There are a lot of stories explaining how the birds first made it to Europe, but the one that’s most entertaining is that a ship carrying a few cages of wild canaries crashed near the Italian coast, and as his last act the boat’s captain freed the birds to fly to shore to save them from drowning at sea. Whether or not this actually happened, canaries were well-established as European pets by 1500.
Wild canaries are small finches with streaked greenish-yellow plumage on their breasts and brownish feathers on their wings and tail. But fanciers learned pretty quickly that just as with dogs and horses, they could draw out different desirable characteristics through selective breeding and crosses with closely-related species. Some of the birds that emerged from this experimentation are the bright canary-yellow ones we’re most familiar with today. But amateur Darwins in every region of Europe set about discovering what other mutations they could squeeze out of their hapless feathered subjects. The results were incredibly varied, and frequently bizarre.

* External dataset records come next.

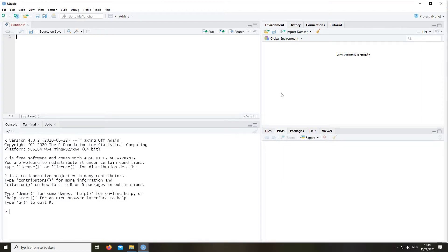Then on the top right we have the global environment. This is where all our data files will be appearing. At the moment it's empty because there is no data yet in our project, but it will appear there.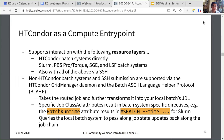To complete the final requirement for a CE, Condor CE supports interaction with multiple batch systems. It interacts with Condor batch systems directly, and can also interact with SLURM, PBS Pro, TORQUE, SGE, and LSF batch systems, and can do all of the above over SSH. Non-Condor batch systems and SSH submissions are supported through the HTCondor Grid Manager daemon and the Batch ASCII Language Helper protocol, or BLAH. The Grid Manager and the BLAH take the routed job and further transform it into your local batch's job description language. Specific attributes in the job class ad result in batch-system-specific directives — for example, the batch runtime attribute results in the sbatch --time directive for SLURM.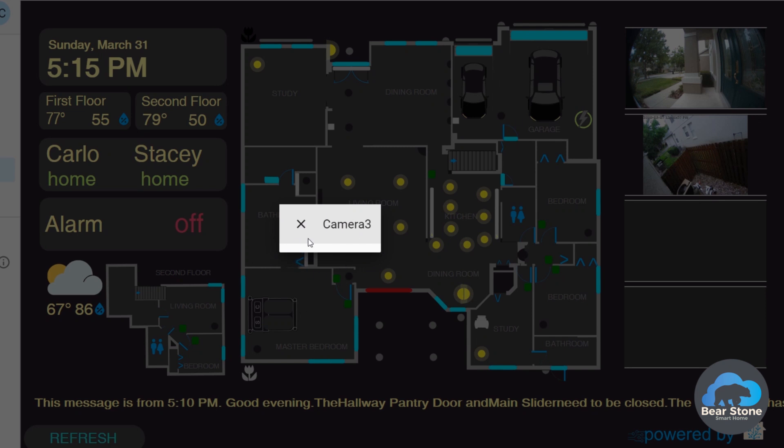This is the issue. When I click camera 3, you can clearly see it just does not stream. It just sits here and then eventually times out.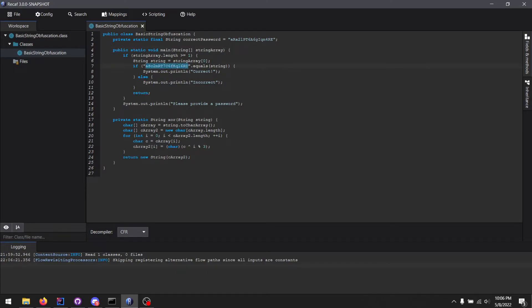We know that the input is this, we know that the output is that, and because everything involved is constant, we can inline it, giving us the exact password we're looking for being compared directly instead of through a method call.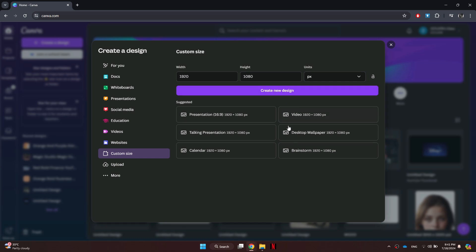This way you can create designs in any custom size that suits your needs, whether it's for social media, print, or any other purpose. Canva makes it really easy to get the exact dimensions you require.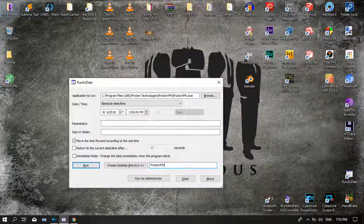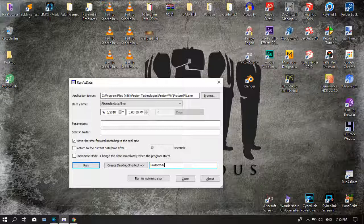Today, I will show you how to extend the trial days of your software applications. You can go to my description to download this executable file for free.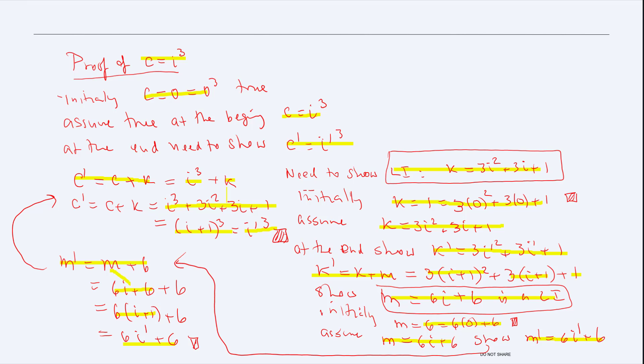In other words, we proved this is a loop invariant that holds true at the beginning and end of the loop — in every iteration, this is true. In order to prove this, we had to go through two other loop invariants. Hopefully you will understand this concept and will see more examples in a lecture.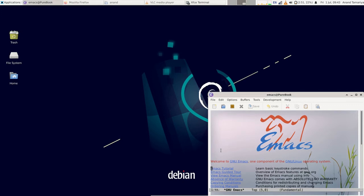Hello, in this video we will look at desktop and window management in KDE Plasma. We will start with Task View.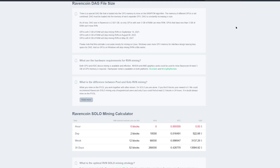That said, Ravencoin will have DAG size growth, so you need to look up the DAG file size for any given coin. For Ravencoin, GPUs with three gigabytes of RAM will stop mining it on September 14th, 2021. For your four gigabyte cards, you're going to be good until August 9th, 2023 — so you have a couple of years to continue mining Ravencoin on your four gigabyte GPUs.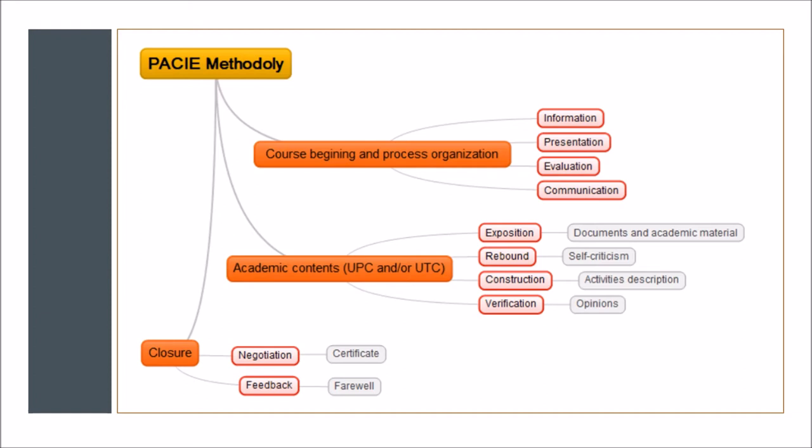After that, we have the evaluation, which includes the specifications about the different evaluations that we are going to do through the course. It also includes the communication. This is also important because in this field we establish the ways and systems of communication that we are going to have with all the students, in order not only to have active communication about the course, but to maintain the human touch through e-learning.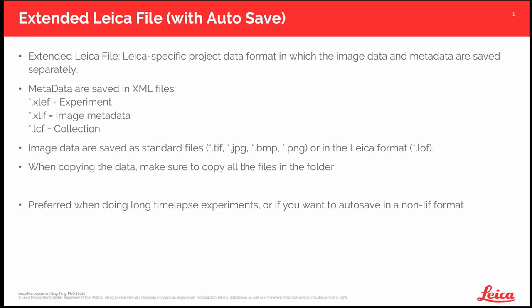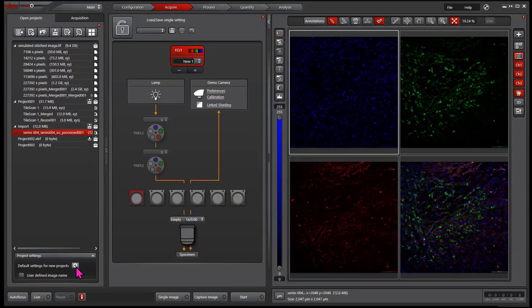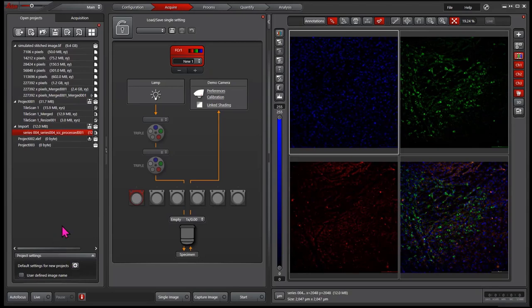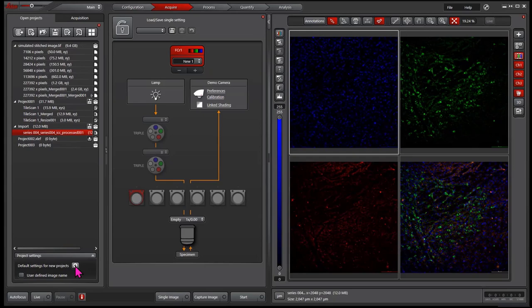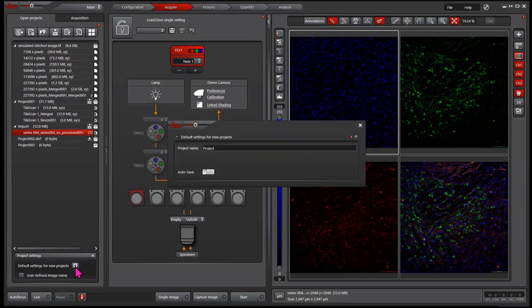How to enable the autosave? In the open project tab at the bottom, enable the project setting, and then click the plus sign.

You can find canaries with colors that range from deep black to pure white to splotchy red, with every pattern and shade in between. “Frilled” canaries are bred for their fluffy, disheveled feathers, while feathers on lizard canaries look like scales and crested canaries sport aggressive bangs. Each country in Europe developed their own prized breeds: the oversized Lancashire canaries of England; the Spanish timbrado canaries with their metallic-sounding voice; the Belgian canaries with their obscenely hunched backs. But most prized of all are the German rollers, both bred and trained for their famous lilting song.
Americans had always imported pet birds from Europe, but the prolonged voyage by sail was hard on small birds, meaning that they only arrived by the handful. Europe had a robust internal trade in pet canaries, but they only started reaching America in bulk once steam power dramatically shortened the time it took to cross the ocean.
The brothers Charles and Henry Reiche were the first to figure out the logistics of bringing the birds over in bulk. By the 1850s they were moving ten thousand canaries between Germany and New York every year, and they could hardly keep pace with the growing demand. “The fancy has increased so much in this country,” wrote Charles and Henry, “that in the last year, 1871, sixty thousand canary birds found their way to this market, of which forty-eight thousand were imported by ourselves.”1
As the trade in canaries grew, keeping foreign songbirds became more accessible to middle-class consumers. Canaries were even carried westward by homesteaders, where they were kept in Missouri cabins and Nebraska sod homes. As the “universal parlor bird,” canaries represented the domestic ideals that settlers hoped to establish on the frontier. At the same time, for the ever-growing number of Americans living in cities, keeping a pet canary was one way to connect to the countryside that was quickly slipping away.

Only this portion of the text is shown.